TranslateProject/sources/tech/20221122.2 ⭐️⭐️⭐️ Introducing Rust calls to C library functions.md

16 KiB
Raw Blame History

Introducing Rust calls to C library functions

Why call C functions from Rust? The short answer is software libraries. A longer answer touches on where C stands among programming languages in general and towards Rust in particular. C, C++, and Rust are systems languages, which give programmers access to machine-level data types and operations. Among these three systems languages, C remains the dominant one. The kernels of modern operating systems are written mainly in C, with assembly language accounting for the rest. The standard system libraries for input and output, number crunching, cryptography, security, networking, internationalization, string processing, memory management, and more, are likewise written mostly in C. These libraries represent a vast infrastructure for applications written in any other language. Rust is well along the way to providing fine libraries of its own, but C libraries—around since the 1970s and still growing—are a resource not to be ignored. Finally, C is still the lingua franca among programming languages: most languages can talk to C and, through C, to any other language that does so.

Two proof-of-concept examples

Rust has an FFI (Foreign Function Interface) that supports calls to C functions.
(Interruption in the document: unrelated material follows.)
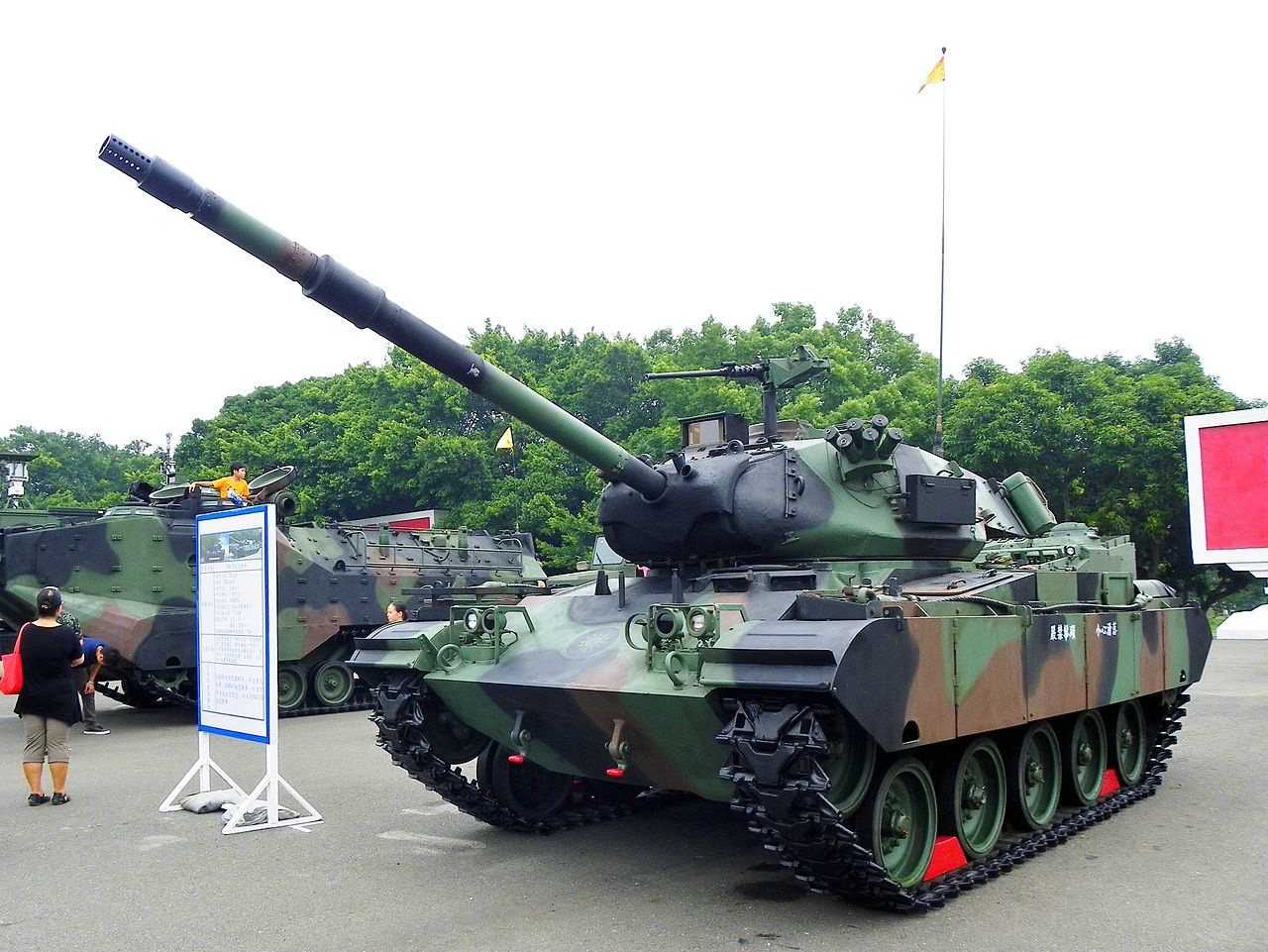 M41D型輕型坦克在台灣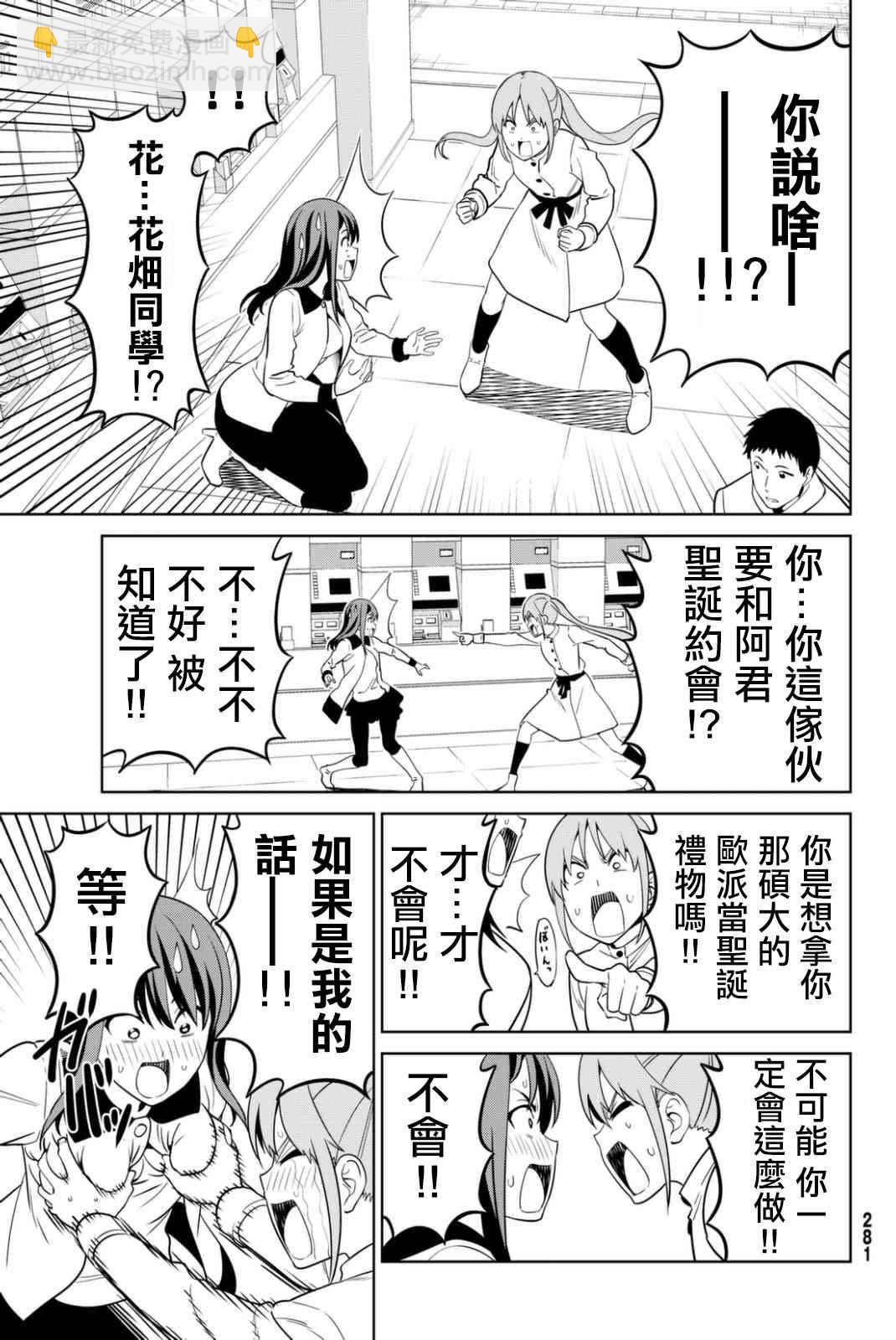 《笨女孩》第134话 第3页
An issue for any FFI is whether the calling language covers the data types in the called language. For example, ctypes is an FFI for calls from Python into C, but Python doesn't cover the unsigned integer types available in C. As a result, ctypes must resort to workarounds.
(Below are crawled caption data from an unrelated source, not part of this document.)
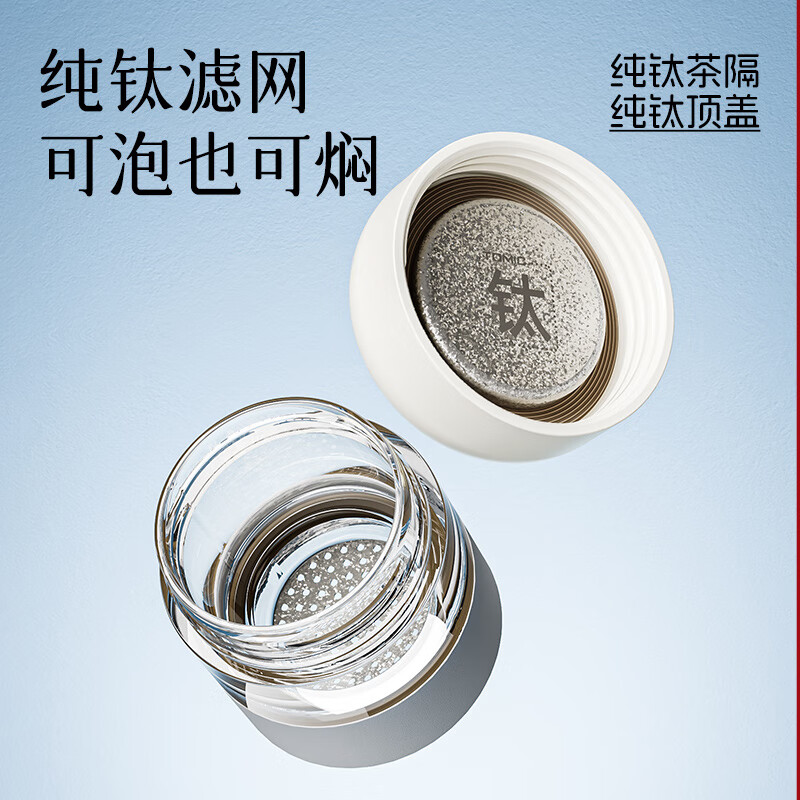 特美刻(TOMIC)离保温杯女高颜值泡茶杯办公室便捷焖茶杯水杯定制礼品 【铃兰系列-抗菌保鲜】纯钛内胆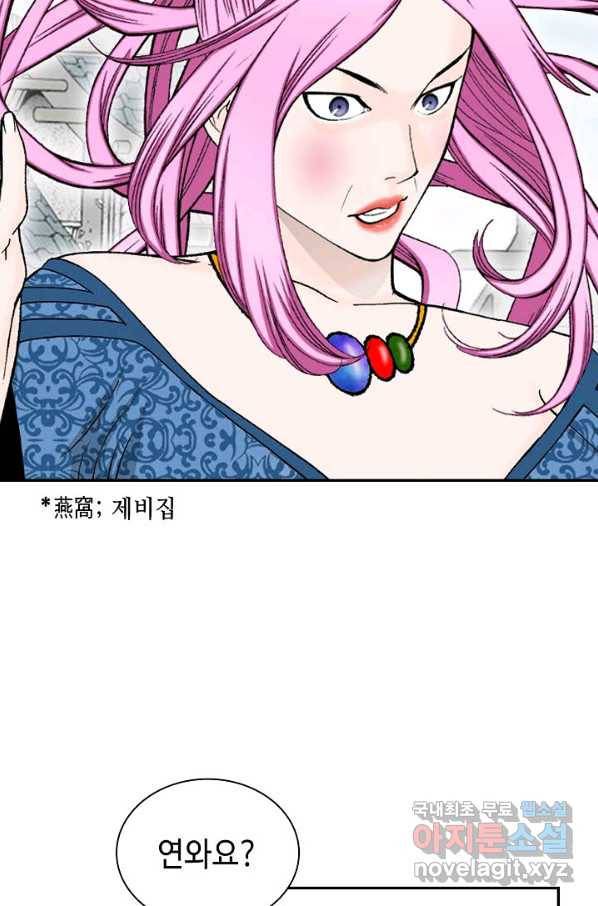 태상교주 숙수되다 82화 44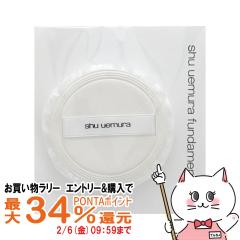 �y�������������[ �ő�34���Ҍ��z[�������K�i]�V���E�E�G���� �A�����~�e�b�h �C���r�W�u�� �p�E�_�[ �p�t shu uemura[���[���֔���OK](6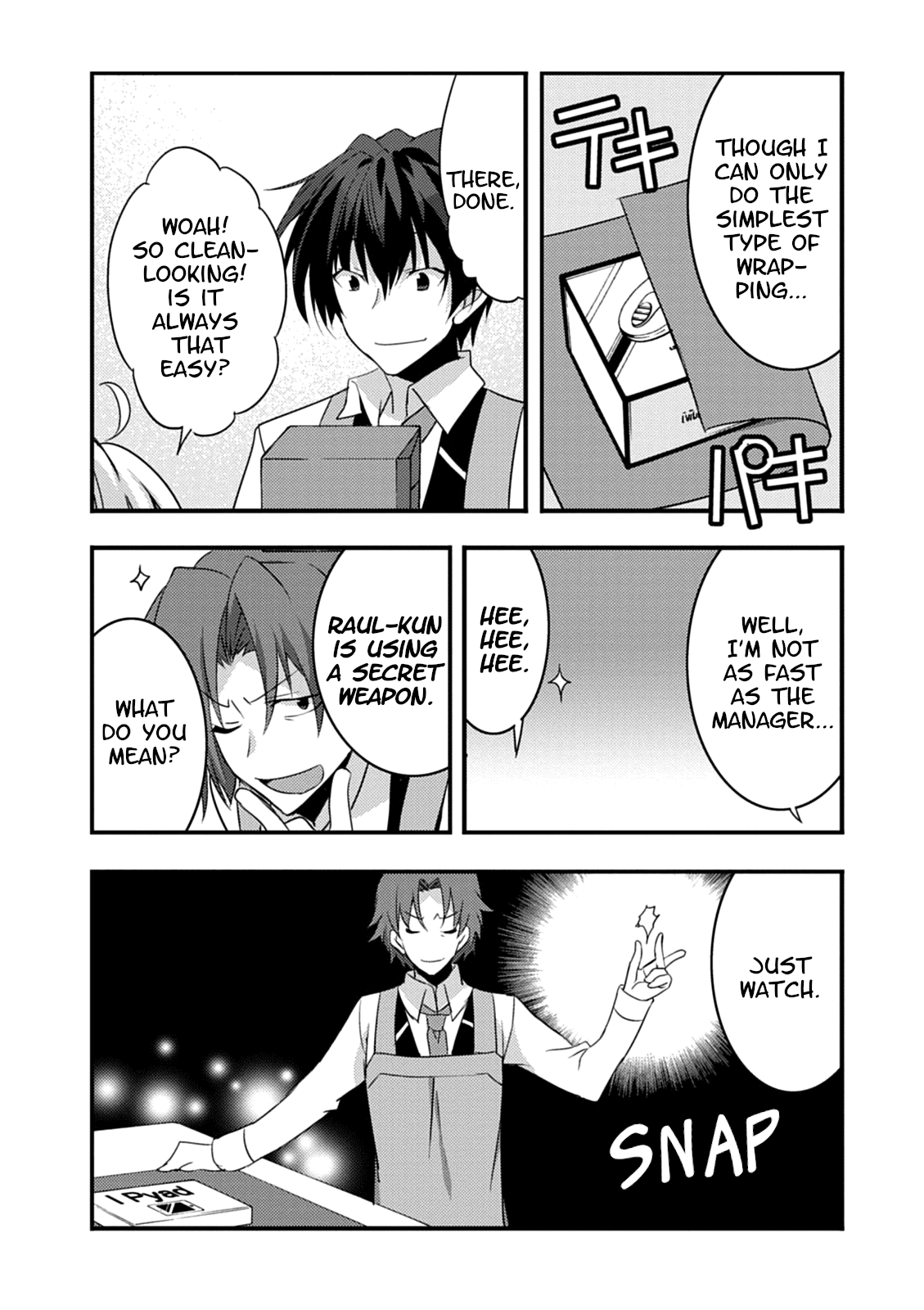 Yuusha ni Narenakatta Ore wa Shibushibu Shuushoku o Ketsuishimashita. Chapter 15 page 15 - Chapter 15: The Demon Lord's Daughter Seems to Have Remembered the Proper Way to Wrap Products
By contrast, Rust covers all the primitive (that is, machine-level) types in C. For example, the Rust i32 type matches the C int type. C specifies only that the char type must be one byte in size and other types, such as int, must be at least this size; but nowadays every reasonable C compiler supports a four-byte int, an eight-byte double (in Rust, the f64 type), and so on.

There is another challenge for an FFI directed at C: Can the FFI handle C's raw pointers, including pointers to arrays that count as strings in C? C does not have a string type, but rather implements strings as character arrays with a non-printing terminating character, the null terminator of legend. By contrast, Rust has two string types: String and &str (string slice). The question, then, is whether the Rust FFI can transform a C string into a Rust one—and the answer is yes.

Pointers to structures also are common in C. The reason is efficiency. By default, a C structure is passed _by_value (that is, by a byte-per-byte copy) when a structure is either an argument passed to a function or a value returned from one. C structures, like their Rust counterparts, can include arrays and nest other structures and so be arbitrarily large in size. Best practice in either language is to pass and return structures by reference, that is, by passing or returning the structure's address rather than a copy of the structure. Once again, the Rust FFI is up to the task of handling C pointers to structures, which are common in C libraries.

The first code example focuses on calls to relatively simple C library functions such as abs (absolute value) and sqrt (square root). These functions take non-pointer scalar arguments and return a non-pointer scalar value. The second code example, which covers strings and pointers to structures, introduces the bindgen utility, which generates Rust code from C interface (header) files such as math.h and time.h. C header files specify the calling syntax for C functions and define structures used in such calls. The two code examples are available on my homepage.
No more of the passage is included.